I listen to the girls talking. Voices delicate, laughter. The way they smoke makes vice an art. Soft between the lips, dangling, then out between thin strong sexy fingers. Fingers that control. I can watch a woman smoke for an hour. I’ve done it sitting in Washington Square Park with a dollar in my pocket. My last dollar. Listening to the comics and the musicians, deciding who gets the last buck. Who’s the greatest artist on New York’s streets that day. Watching the girls smoke with gloves on, with hats on. Little berets… Watching… Staring through sunglasses… Watching secretly… Watching Loren with her pearly smile.
“So what are you going to do after you take your little holiday?”
“That’s a good question, Loren, maybe you could give me an equally good answer as well.”
“I’m serious… I mean I don’t… I’m not prying, I mean to say. I was just wondering.”
“I know… Um… I don’t know really. After school, I bounced around the States working shitty jobs and basically, I decided that I was tired of working shitty j
obs in the States, so I came here.”
“That’s what we’ve been doing here for three years. I wish I could give you my job,” Sonja adds.

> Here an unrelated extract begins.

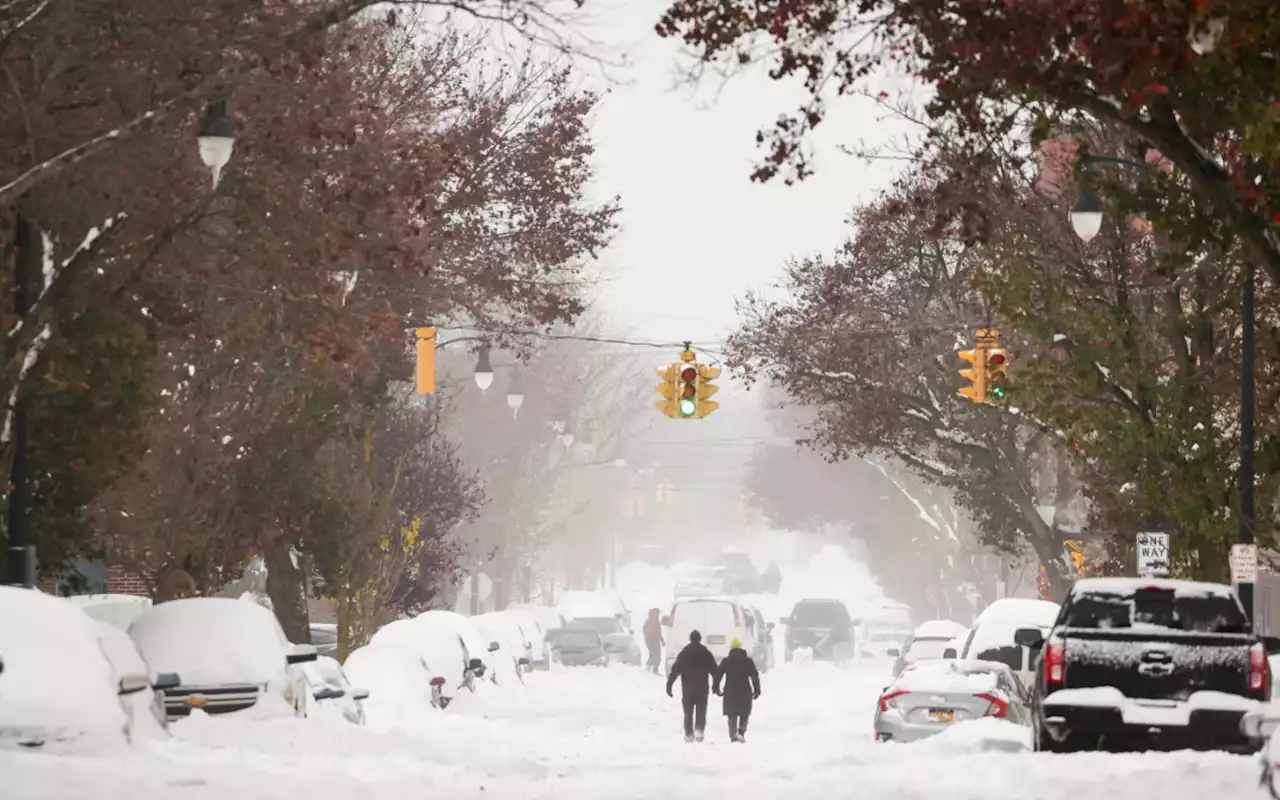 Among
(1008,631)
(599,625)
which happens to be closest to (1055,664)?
(1008,631)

“Yeah, I met Sonja three years ago and we were only going to be here for a summer,” laughs, “I’m finally leaving, in a month,” laughs, “a five-month safari through Africa. It’s taken forever to get out of this place.”
“I don’t think I’ve been in a place or a job that I didn’t eventually hate… And for all the same reasons I hated the job just before it. Routine’s just a long spelling for RUT.”
“Only four telly stations in this town makes it even tougher.”
“Cable TV just prolongs the suffering… You’re not missing anything over here.”
“I can’t wait to be in a bloody Land Rover surrounded by huge bloody gorillas!” Loren’s always smiling even when she’s complaining. Doobe told me that a buddy of his from Greece, Teo, had been hanging out with Loren and that she was still mad about him. Apparently, Teo was one of those guys who could hit a broad in the head with a rock and be fucking her ten minutes later. Loren has one of those double smiles. It’s the eyes, like a mirrored looking glass.
So we all agree we’ve worked too many shitty jobs. Or are we just alive? Is this what had Ray so worked up? He saw his life as an indefinite stint ringing Big Macs up at the local Mickey D’s and said, wait a minute? Maybe he wasn’t afraid of gods and churches? Maybe he thought of them as banks with lots of benches? And guilt-ridden child molesters with bad tailors?